I offer you an experiment: if you are at a local candidate’s debate or having a meeting with a state legislator, congressmember, or any other politician, ask them what they think of the recent gross domestic product numbers. Read up on them beforehand or don’t: you can make up numbers. I would wager that at least three out of four times (conservatively), the politician you ask has no idea what the gross domestic product is for the state they represent or the country as a whole and could not guess reliably by how much it grew last quarter.

Does this mean gross domestic product is harmless? Not necessarily. Many who oppose the dominance of gross domestic product in policymaking believe it is the dominance of gross domestic product thinking that causes problems, not the day-to-day use of the metric in policymaking itself.

It is for this reason that I question Shama’s insistence that making per-capita gross domestic product the “main target of policymakers and the key measure of progress” will result in better policy. Policymakers consider a range of quantitative and qualitative information when drafting legislation and casting votes and I’m willing bet dimes to donuts that gross domestic product as a trend and a number is not particularly influential.

The next question is obvious: then why care? If policymaking is dominated by individual philosophies, constituent concerns, party politics, and information from interest groups, then why focus on measurement of progress and success at all?

This is a sticky question. Political Scientist Ron Haskins argues that, anecdotally, research only makes up 1% of the total consideration by policymakers when crafting policy. So are we bickering about an already-neglected slice of the pie?

The promise of evidence-based policymaking is in a sense utopian. We are fighting for facts in an age of convenient falsehoods. But anyone who has worked with policymakers or who knows one knows that, as a whole, they are people who want to know the truth.

While policymakers are often stereotyped as self-interested and political, researchers have found evidence that about a quarter of state legislators in at least one setting were enthusiastic users of research and only one in six are skeptical nonusers of research. Policymakers want information, but they want information that will help them to make better decisions and craft policy that will help the people they serve.

The way I understand good policy analysis is similar to the ancient Indian parable of the blind men and the elephant. In this story, five blind men touch an elephant. The man touching the ear describes the elephant as like a fan. The man touching the tusk describes it as like a spear. The man touching the trunk describes the elephant as like a thick snake. The man touching the leg describes it as a tree trunk. The man touching its side describes it as like a wall. And the man touching its tail describes it as like a rope. Of course each of these men are wrong in their exact assessment, but they are also right together: an elephant is all of these things.

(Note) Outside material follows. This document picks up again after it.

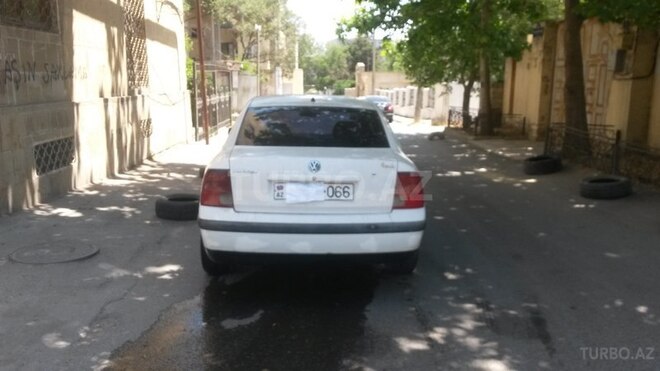 Volkswagen Passat 1997, 235,000 km - 1.8 l - Bakı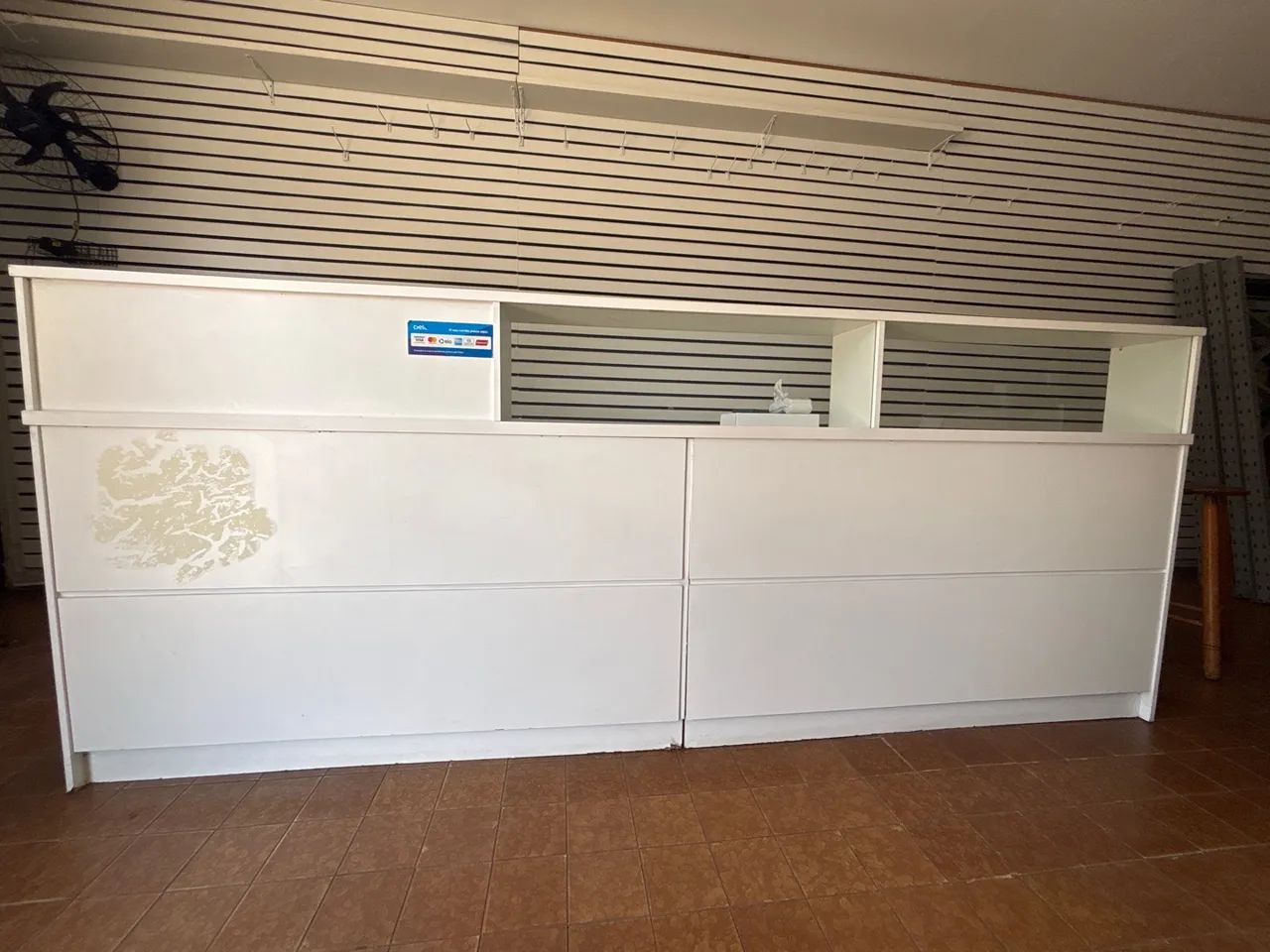 Balcão caixa grande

Good public policy analysis acknowledges that good public policy is multifaceted as well. The economic analyst tells us that people as a whole are getting more of what they want. The poverty analyst is telling us how many count among the least well-off among us. The inequality analyst tells us how close or far we are from one another in income. The human development analyst tells us how much rich, educated, and healthy the population is. And the happiness analyst tells us how well people are assessing their own lives.

All of these considerations have a place in policymaking. And it is only through use of better measures that we will come closer to understanding the elephant that is better public policy in the United States and across the world.